== Segment start ==
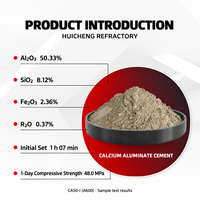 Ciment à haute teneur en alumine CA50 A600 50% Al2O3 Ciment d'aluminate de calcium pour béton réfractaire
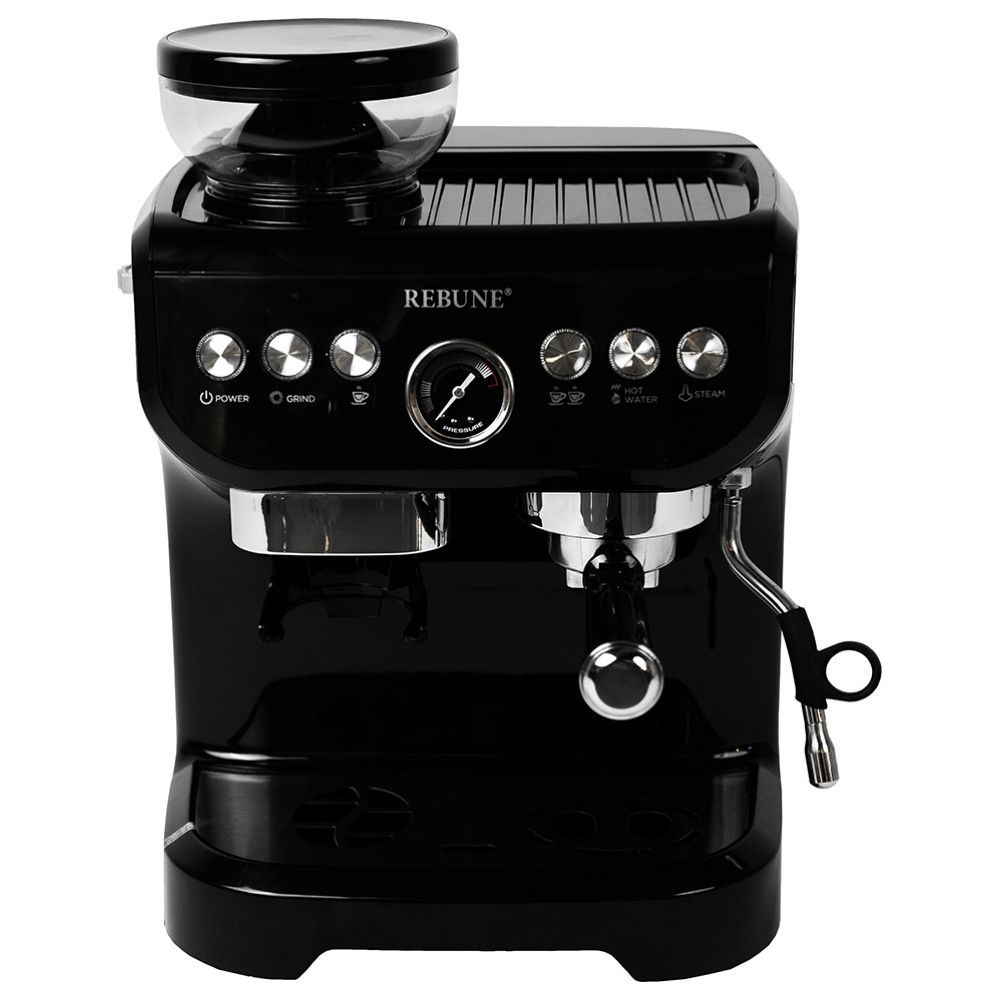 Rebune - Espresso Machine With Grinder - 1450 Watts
== Segment end ==
== Segment start ==
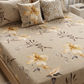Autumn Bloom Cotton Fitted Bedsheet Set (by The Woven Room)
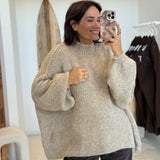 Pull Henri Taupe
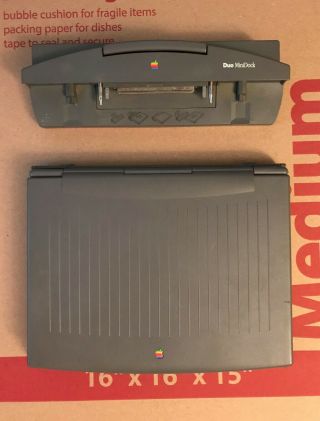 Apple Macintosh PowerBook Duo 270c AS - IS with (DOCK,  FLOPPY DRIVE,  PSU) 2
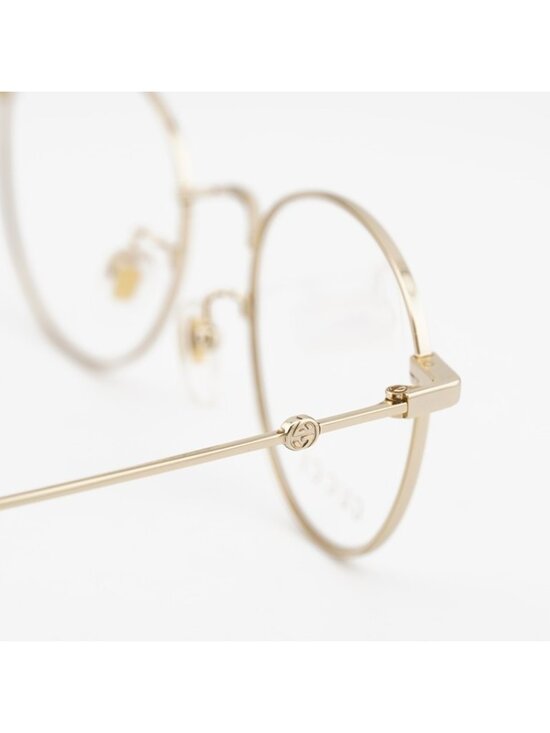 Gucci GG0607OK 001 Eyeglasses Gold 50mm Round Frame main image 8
== Segment end ==
→ **Exercise requirements**
Look back over the records above. Reproduce exactly everything from the line with "Ciment à haute" down to the line with "Rebune - Espresso", inclusive, and leave the pictures out.

→ **Finished exercise**
 Ciment à haute teneur en alumine CA50 A600 50% Al2O3 Ciment d'aluminate de calcium pour béton réfractaire
 Rebune - Espresso Machine With Grinder - 1450 Watts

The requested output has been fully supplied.